Why are Children Stressed Today?

Think about all the stressors that can cause anxiety in a typical adult’s day: Noise. electronic stimulation from TVs, computers, cell phones, and other constant information-emitting devices. Traffic. Juggling work responsibilities, activities, and family in our busy, 24-7 society.

For children, who tend to be more susceptible to noise and commotion, day-to-day stress triggers can be amplified, making the need for quiet downtime even more crucial. Add to that school and after-school activities, the pressure to succeed (whether it comes from outside or from within themselves), family changes or conflicts, and a host of other factors that can lead to anxiety and you have the perfect recipe for child stress.

Signs of Stress in Children

Often, children -- particularly younger kids -- are not able to fully articulate their feelings of stress and anxiety. In fact, the signs of stress in children may be quite subtle, such as stomach pains, headaches, or changes in behavior. You may also notice mood swings and sleep problems as well as difficulty concentrating at school.

If there have been any major changes in a child's life such as a move or a new sibling, parents should pay particular attention and look for possible signs of child stress. Even if you can't pinpoint a particular stress factor, your child may experience stress from something at school or other source you are not aware of.

Keep track of her behavior and moods, and watch for any signs of problems. Ask her teacher about how she is doing at school and observe how she is interacting with friends and family members.
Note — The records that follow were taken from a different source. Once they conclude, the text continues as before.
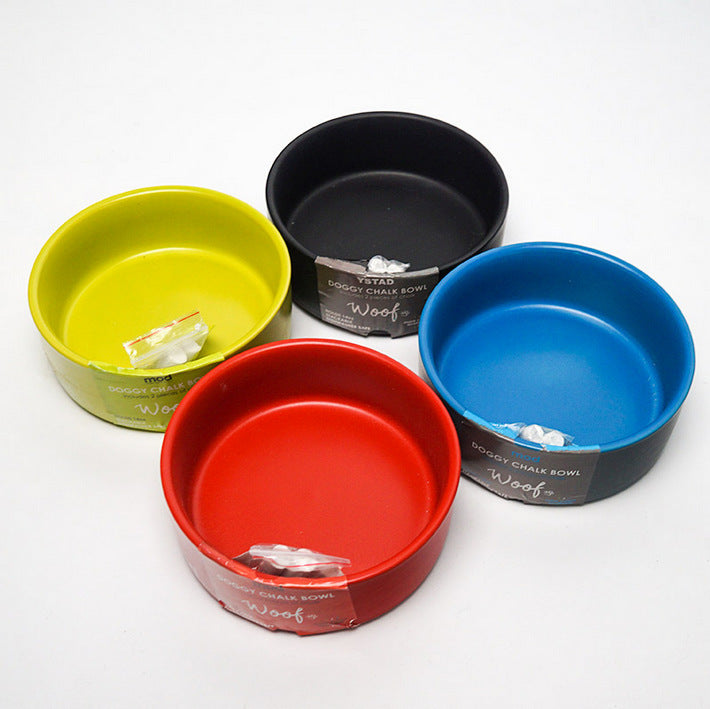 Ceramic single bowl cat food basin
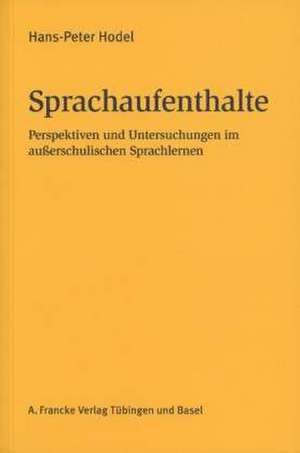 Sprachaufenthalte de Hans-Peter Hodel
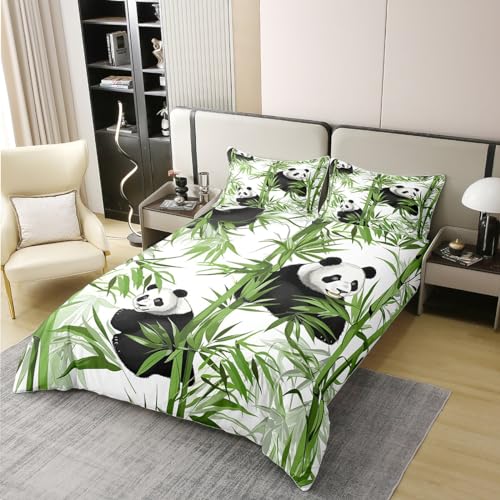 richhome 100% Baumwolle Cartoon Panda Bettbezug 135×200 Bambusblätter Natur Thema Tröster Abdeckung Nette Wilde Tier Bettwäsche Set für Jungen Mädchen Schlafzimmer Atmungsaktive Quilt Cover richhome 100% Baumwolle Cartoon Panda Bettbezug 135×200 Bambusblätter Natur Thema Tröster Abdeckung Nette Wilde Tier Bettwäsche Set für Jungen Mädchen Schlafzimmer Atmungsaktive Quilt Cover von richhome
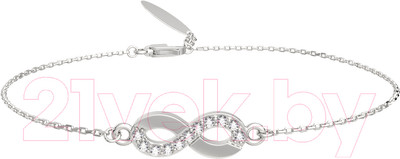 Браслет из серебра ZORKA 0640018 (20см, с фианитами)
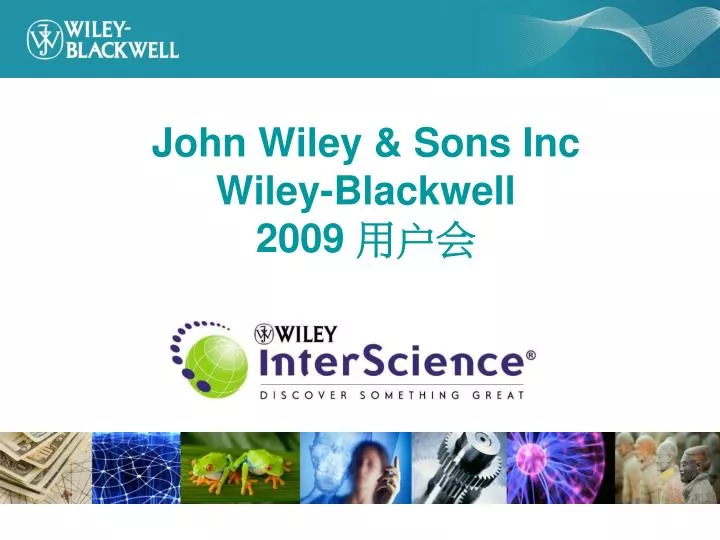 john wiley sons inc wiley blackwell 2009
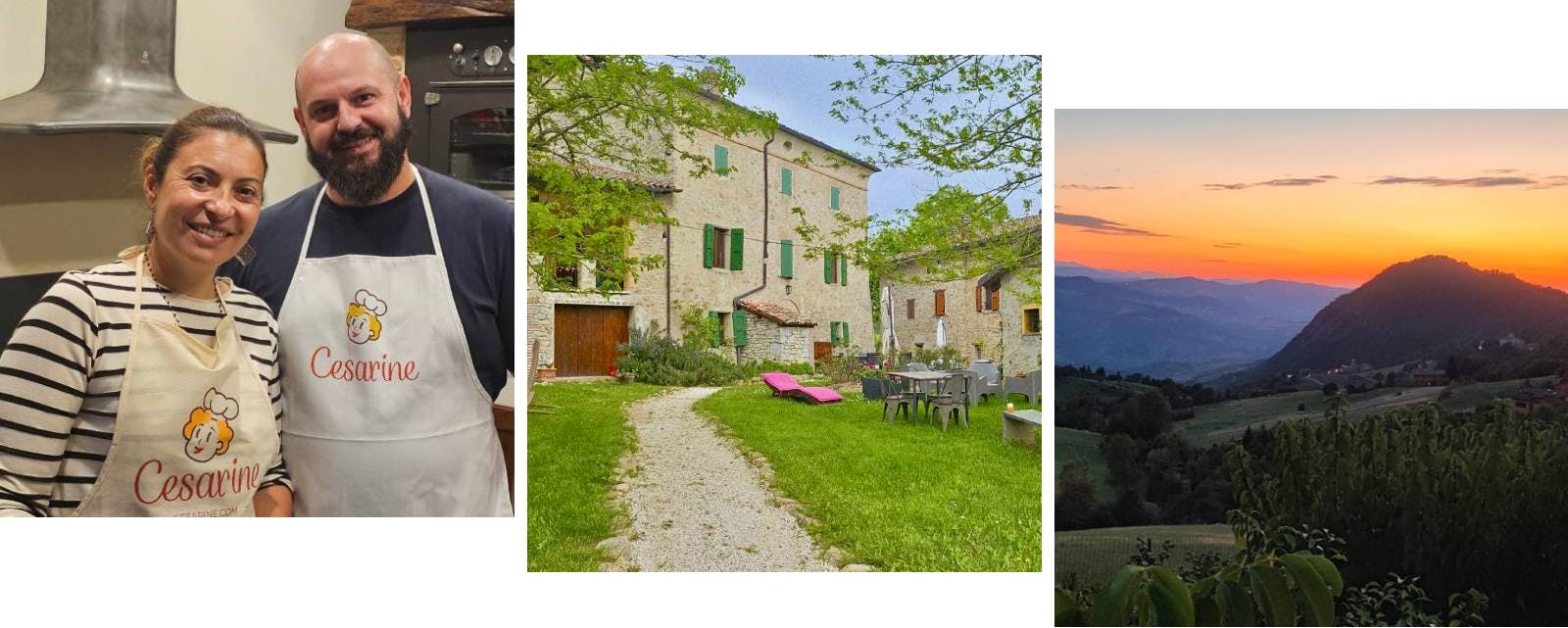 Casale a Zocca, Cesarini Barbara e Andrea, vista colline di Zocca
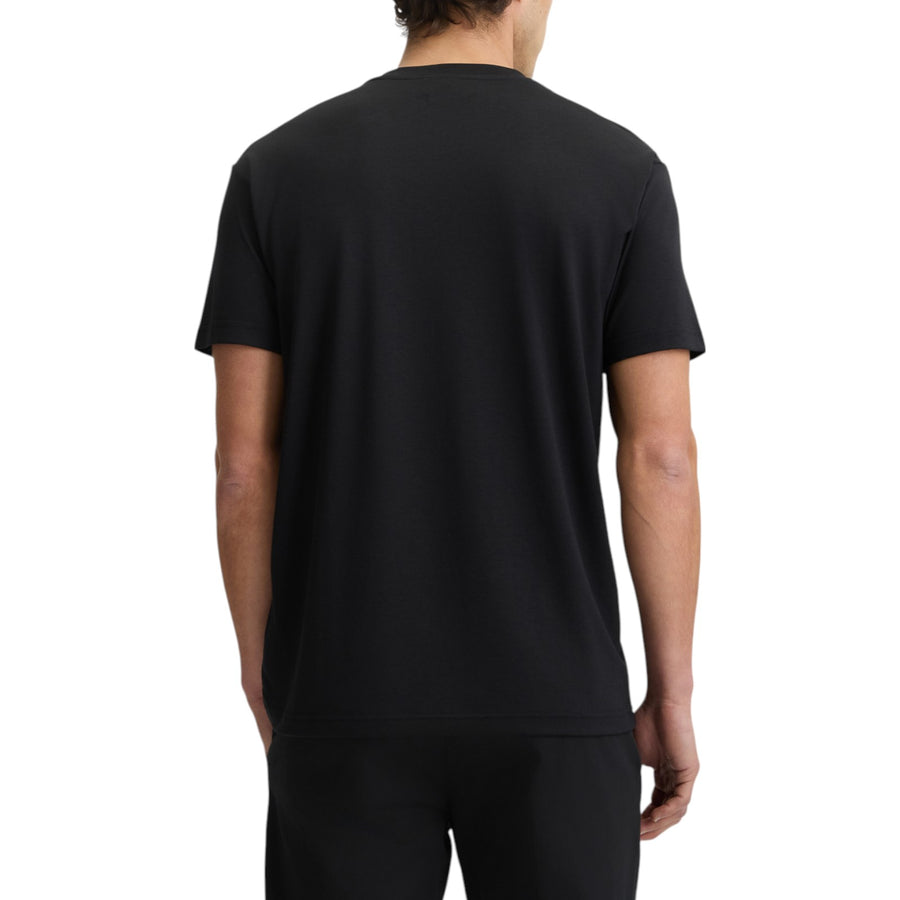 T-shirt nera con logo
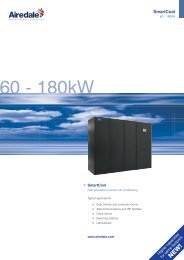 Technical Manual Downflow - Airedale International Air Conditioning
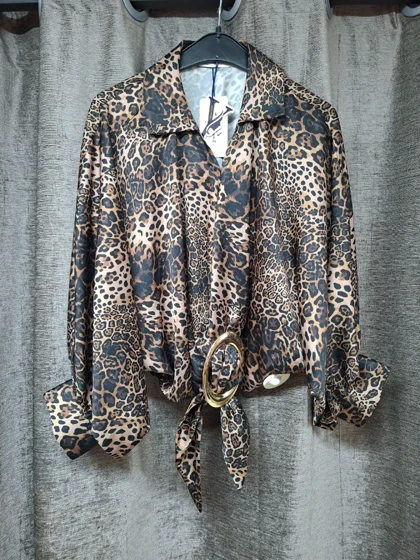 شومیز ساتن حلقه دار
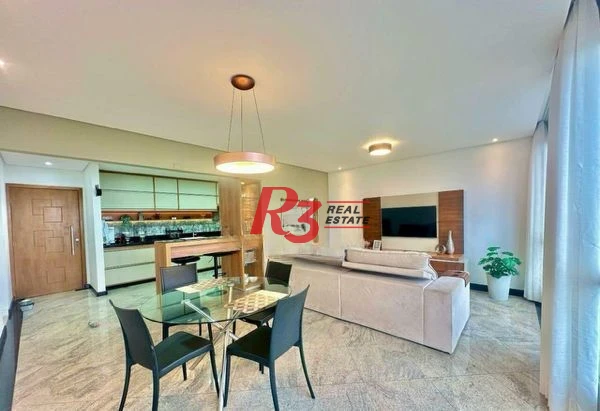 Apartamento à venda, 145 m² por R$ 1.520.000,00 - Gonzaga - Santos/SP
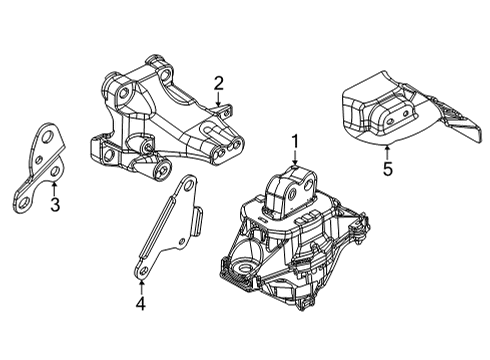 2024 Jeep Grand Cherokee L Engine & Trans Mounting Diagram 1 - Thumbnail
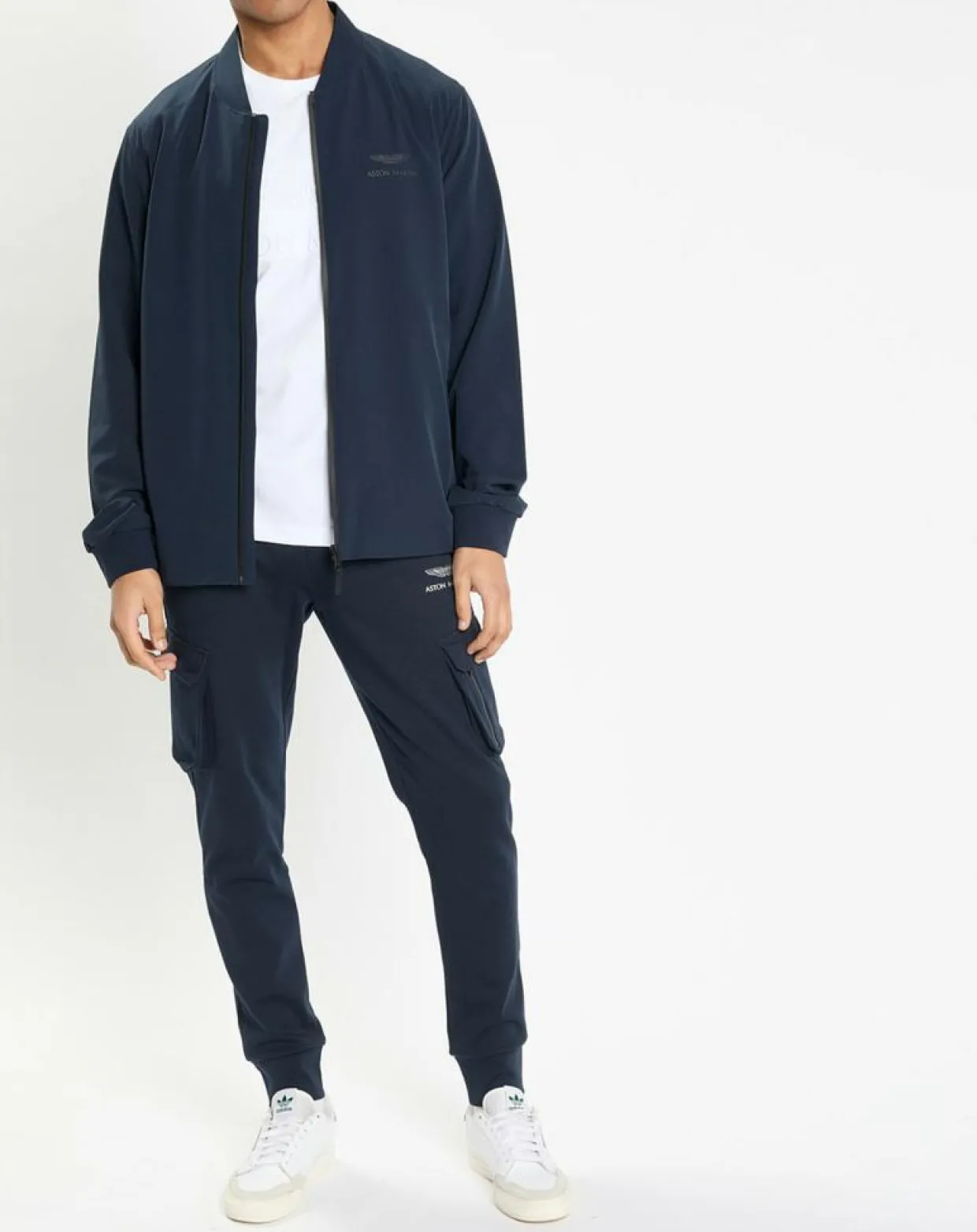 Homme Hackett London Vestes, Blousons^Blouson court Aston Martin Racing bleu marine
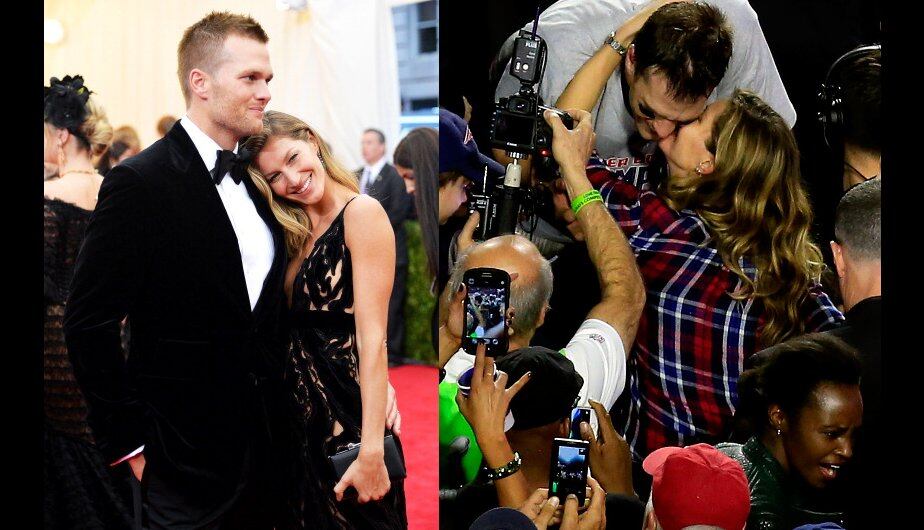 Tom Brady y Gisele Bündchen, ambos se acompañan en los diferentes eventos de sus carreras. (Foto: Getty Images)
It's also worth talking to your child about what she may be feeling, even though she may not be able to articulate it in "grownup" terms. Stick to questions about what she might be worried about or things that might not be making her feel good. Generally, younger children do not fully understand the concept of words such as stress and anxiety.

What Parents Can Do About Child Stress

  • Let kids know they can talk to you.
    Encourage your child to talk to you about any problems he may be having, and to talk about his feelings openly and honestly. One of the most important and effective ways human beings can deal with stress is by talking to someone about their problem. Even if your child is unable to specifically express what she is upset about, just having you ask and encouraging her to talk can make a difference.

  • Be sure to listen to your child before offering suggestions.
    As much as you might want to jump in and help offer solutions, allow her time to fully express her thoughts and emotions before making comments or expressing your opinions.

  • Consider doing an activity while you talk.
    Some children may feel more comfortable talking about their problems while engaging in an activity with a parent. Do something you both enjoy, such as going for a walk, making cookies, or playing a round of basketball in the driveway before asking your child to discuss a problem he may be having. (Research has shown that boys in particular are more comfortable sharing their feelings if they are engaged in a physical activity while talking.)

  • Get kids to do some deep breathing exercises.
    Encourage your child to breathe in "good" air and exhale "bad" air, and picture it carrying any worries out of her body.

  • Do some yoga poses with your kids.
    Simple yoga poses such as downward dog, cobra, and tree are excellent for kids. Even if you do this for just a few minutes -- say, in the morning before school or in the evening before bed -- having a little quiet time with you can make a big difference in a child’s day.

  • Try some quick stress-relief ideas for kids.
    These can include fun activities you can enjoy together such as snuggling together with a book, massage, or playing a favorite game.